Permeability of asthenospheric mantle and melt extraction rates at mid-ocean ridges

Abstract

Magmatic production on Earth is dominated by asthenospheric melts of basaltic composition that have mostly erupted at mid-ocean ridges. The timescale for segregation and transport of these melts, which are ultimately responsible for formation of the Earth's crust, is critically dependent on the permeability of the partly molten asthenospheric mantle, yet this permeability is known mainly from semi-empirical and analogue models. Here we use a high-pressure, high-temperature centrifuge, at accelerations of 400g-700g, to measure the rate of basalt melt flow in olivine aggregates with porosities of 5-12 per cent. The resulting permeabilities are consistent with a microscopic model in which melt is completely connected, and are one to two orders of magnitude larger than predicted by current parameterizations.
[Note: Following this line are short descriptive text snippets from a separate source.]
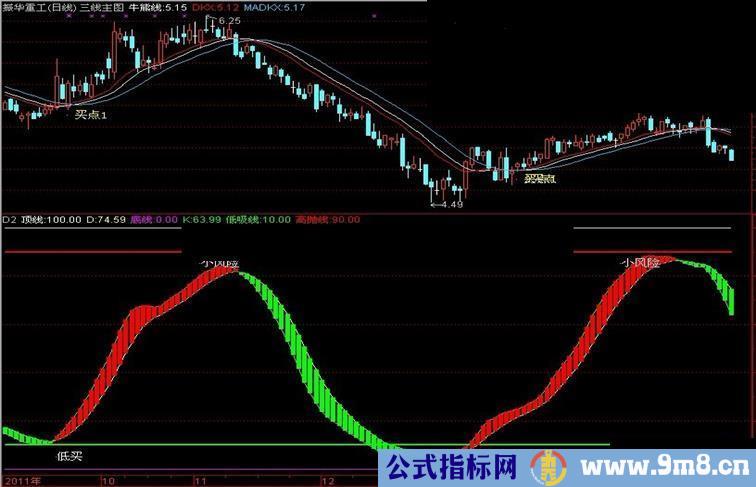 通达信趋势为王，高抛低吸副图，源码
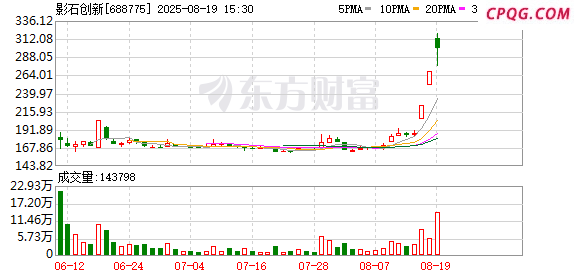 “撒钱”撒出千亿市值公司 影石创新再次狂飙 已有7家公募抢筹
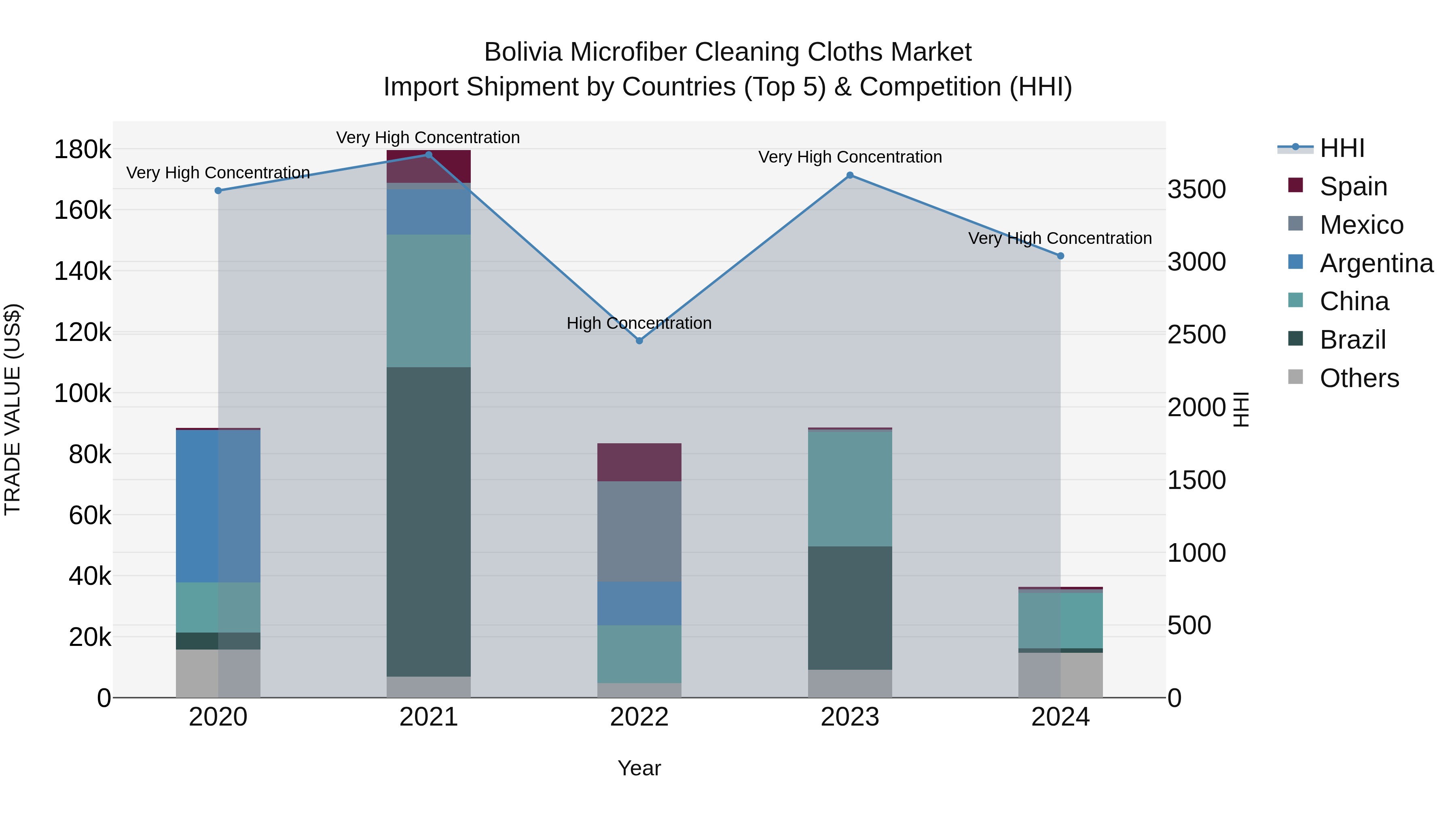 Bolivia Microfiber Cleaning Cloths Market Top 5 Importing Countries and Market Competition (HHI) Analysis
Extrapolation of the measurements to conditions characteristic of asthenosphere below mid-ocean ridges yields proportionally higher transport speeds. Application of these results in a model of porous-media channelling instabilities yields melt transport times of approximately 1-2.5 kyr across the entire asthenosphere, which is sufficient to preserve the observed (230)Th excess of mid-ocean-ridge basalts and the mantle signatures of even shorter-lived isotopes such as (226)Ra (refs 5,11-14).